Susan Jurevics, chief executive of Pottermore, said the numbers “validated the strategy” unveiled in 2015 that saw the site ink deals with third-party retailers to sell the Harry Potter e-books and audiobooks direct, rather than soley via the Pottermore website. The decision to be the only retailer for the Harry Potter e-books—made ahead of the launch in 2012—was initially heralded as a triumph, but Jurevics reversed it when she took over as c.e.o. indicating that she wanted to give fans “greater consumer access to Harry Potter e-books and audiobooks”. The shift also allowed Pottermore to launch the enhanced e-books via Apple's iBookstore.

Last year’s accounts showed that digital content sales fell from £4.8m to £3.9m, and though the firm has not split out sales in 2015/16 figures, Jurevics highlighted the resilience of the first seven titles, as well as the release of the enhanced editions, which would have given the e-books and audiobooks a natural uplift. Last year's accounts also showed the impact of the termination of its relationship with Sony—which originally supported the launch of Pottermore in 2012—its royalties income dropping from £32m to £3m.

While the growth in digital content sales has yet to make up this shortfall for this year's accounts, the results show a business becoming more self-sustaining as it moves through the content gears in parallel to the expansion of Rowling's own wizarding world output via the play and the new films. Pottermore now describes itself as a digital publishing, entertainment and news company, with the increase in standalone publishing the most signicant move over the past year. “The shift in Pottermore’s commercial business strategy - working more closely with key business partners - that we began executing in the second half of 2015 has paid off,” said Jurevics. “The new strategic plan is not only driving increased revenue but is also putting us on the path to profitability for our financial year ending in March 2017."

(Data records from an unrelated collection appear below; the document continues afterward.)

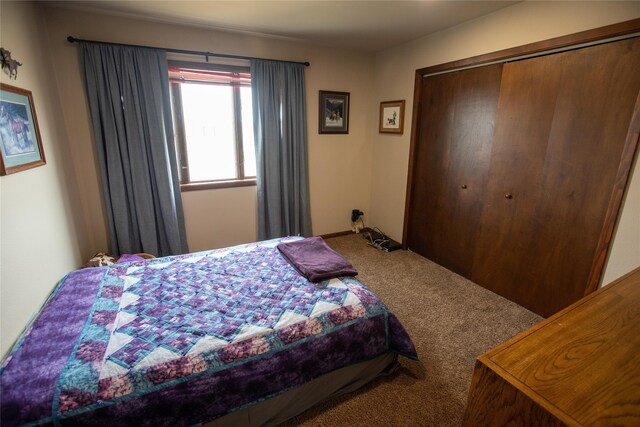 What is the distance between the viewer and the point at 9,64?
1654mm

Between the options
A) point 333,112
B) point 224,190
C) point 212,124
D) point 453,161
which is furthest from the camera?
point 333,112

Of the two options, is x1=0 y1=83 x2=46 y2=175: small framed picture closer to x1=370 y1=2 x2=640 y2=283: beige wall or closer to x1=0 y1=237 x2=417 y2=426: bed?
x1=0 y1=237 x2=417 y2=426: bed

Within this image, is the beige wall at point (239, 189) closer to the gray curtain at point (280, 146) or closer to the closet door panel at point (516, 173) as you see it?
the gray curtain at point (280, 146)

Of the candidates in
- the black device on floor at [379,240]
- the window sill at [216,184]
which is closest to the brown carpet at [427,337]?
the black device on floor at [379,240]

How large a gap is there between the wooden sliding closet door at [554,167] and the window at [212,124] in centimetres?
248

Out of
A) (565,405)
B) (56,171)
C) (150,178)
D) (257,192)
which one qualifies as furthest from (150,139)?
(565,405)

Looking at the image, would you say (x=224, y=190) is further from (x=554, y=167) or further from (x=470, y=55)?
(x=554, y=167)

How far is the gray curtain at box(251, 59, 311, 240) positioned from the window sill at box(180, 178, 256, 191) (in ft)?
0.48

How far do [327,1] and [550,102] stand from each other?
180cm

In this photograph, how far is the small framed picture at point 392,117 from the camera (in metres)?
3.42

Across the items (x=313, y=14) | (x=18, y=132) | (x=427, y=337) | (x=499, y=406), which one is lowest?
(x=427, y=337)

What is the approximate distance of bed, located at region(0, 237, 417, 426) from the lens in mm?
1138

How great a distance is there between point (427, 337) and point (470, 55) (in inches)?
94.8

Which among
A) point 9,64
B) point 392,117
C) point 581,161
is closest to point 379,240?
point 392,117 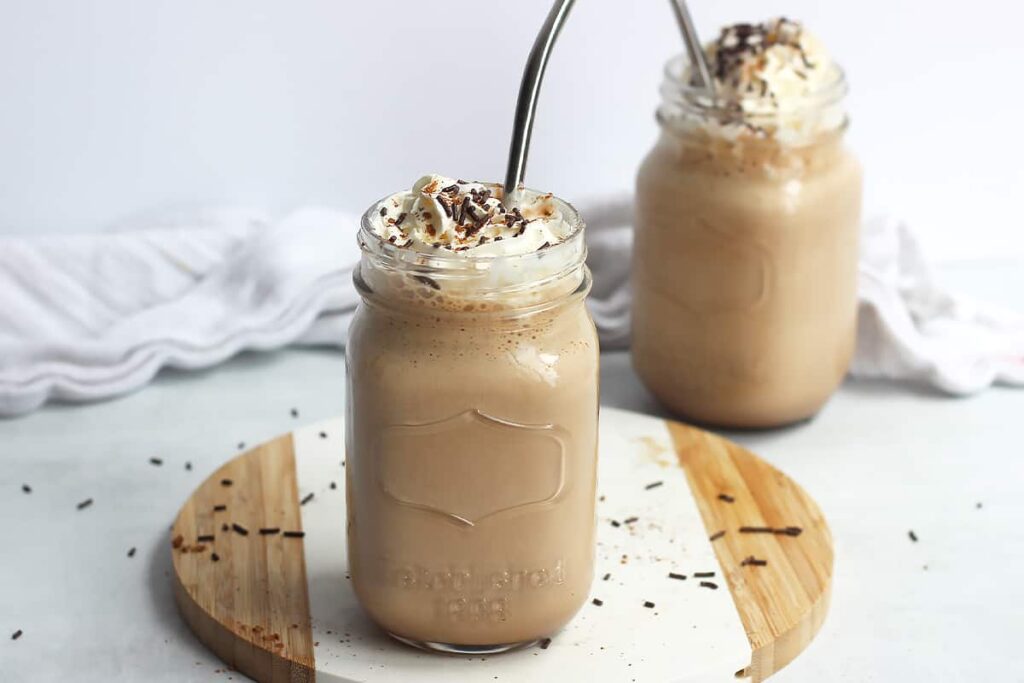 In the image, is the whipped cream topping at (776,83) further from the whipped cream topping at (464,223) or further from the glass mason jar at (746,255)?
the whipped cream topping at (464,223)

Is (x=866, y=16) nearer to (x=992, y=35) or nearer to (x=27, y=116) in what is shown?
(x=992, y=35)

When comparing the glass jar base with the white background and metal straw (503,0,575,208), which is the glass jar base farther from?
the white background

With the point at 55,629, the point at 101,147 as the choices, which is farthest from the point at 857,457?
the point at 101,147

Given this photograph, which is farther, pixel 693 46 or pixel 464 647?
pixel 693 46

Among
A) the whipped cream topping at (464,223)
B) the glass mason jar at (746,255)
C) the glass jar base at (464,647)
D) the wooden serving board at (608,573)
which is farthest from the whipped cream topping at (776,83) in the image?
the glass jar base at (464,647)

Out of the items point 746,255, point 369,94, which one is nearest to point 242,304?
point 369,94

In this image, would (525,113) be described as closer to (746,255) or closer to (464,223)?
→ (464,223) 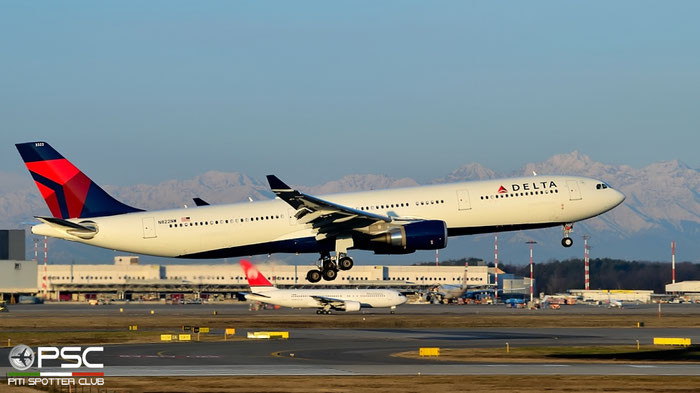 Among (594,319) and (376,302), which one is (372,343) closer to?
(594,319)

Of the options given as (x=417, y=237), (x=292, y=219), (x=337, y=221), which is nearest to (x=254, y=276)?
(x=292, y=219)

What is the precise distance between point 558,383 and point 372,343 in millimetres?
27030

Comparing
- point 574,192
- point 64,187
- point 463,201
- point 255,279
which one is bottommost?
point 255,279

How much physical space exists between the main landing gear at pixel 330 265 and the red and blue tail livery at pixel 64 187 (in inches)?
507

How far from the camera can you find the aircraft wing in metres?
62.9

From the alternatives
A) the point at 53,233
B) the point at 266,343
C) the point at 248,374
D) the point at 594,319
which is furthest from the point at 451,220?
the point at 594,319

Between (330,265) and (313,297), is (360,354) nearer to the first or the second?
(330,265)

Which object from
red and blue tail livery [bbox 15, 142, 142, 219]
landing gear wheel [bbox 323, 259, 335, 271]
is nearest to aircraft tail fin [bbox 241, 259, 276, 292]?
red and blue tail livery [bbox 15, 142, 142, 219]

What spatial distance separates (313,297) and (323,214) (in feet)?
176

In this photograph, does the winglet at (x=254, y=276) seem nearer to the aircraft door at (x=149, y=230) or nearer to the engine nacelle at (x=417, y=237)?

Jurevics also highlighted the decision to make Pottermore mobile-friendly, and lift the need for fans to pre-register. Jurevics said that against a backdrop of sustained global appetite for the world created by author J K Rowling, the site had “grown in popularity". The September launch of Rowling’s Patronus experience drew three million registered users in three days, according to the company. Following the unveiling of The Cursed Child play in July and the first of the five films in the Fantastic Beasts spin-off, Jurevics said the website had worked to “broaden and deepen engagement” with its audiences around the world.

Jurevics would not say how many copies the e-book version of The Cursed Child script had sold compared with the 1.3m copies the print version has retailed through the Nielsen BookScan TCM, or what the expectations were for the Fantastic Beasts script, released last week, except to say that both has performed “strongly”. According to Nielsen, the increased activity around the Harry Potter brand had led to uplifts across print sales of the original seven. The Harry Potter seven collectively sold 167,172 copies for £885,806 in the 14 weeks before the release of "The Cursed Child" play. In the same period since, they have sold 212,806 copies for £1.08m, a 27% jump in volume and a 22% boost in value. The release of the Fantastic Beasts movie will grow the original franchise even more.

When asked about what fresh content would be forthcoming in digital formats from Pottermore, Jurevics said “watch this space”, and highlighted that 2017 was the 20th anniversary of publication of the first Harry Potter book in the UK. ”There is, as you know, an unbelievable thirst for everything Harry Potter, and we are always innovating and looking to how we can meet the needs of the Harry Potter fans.”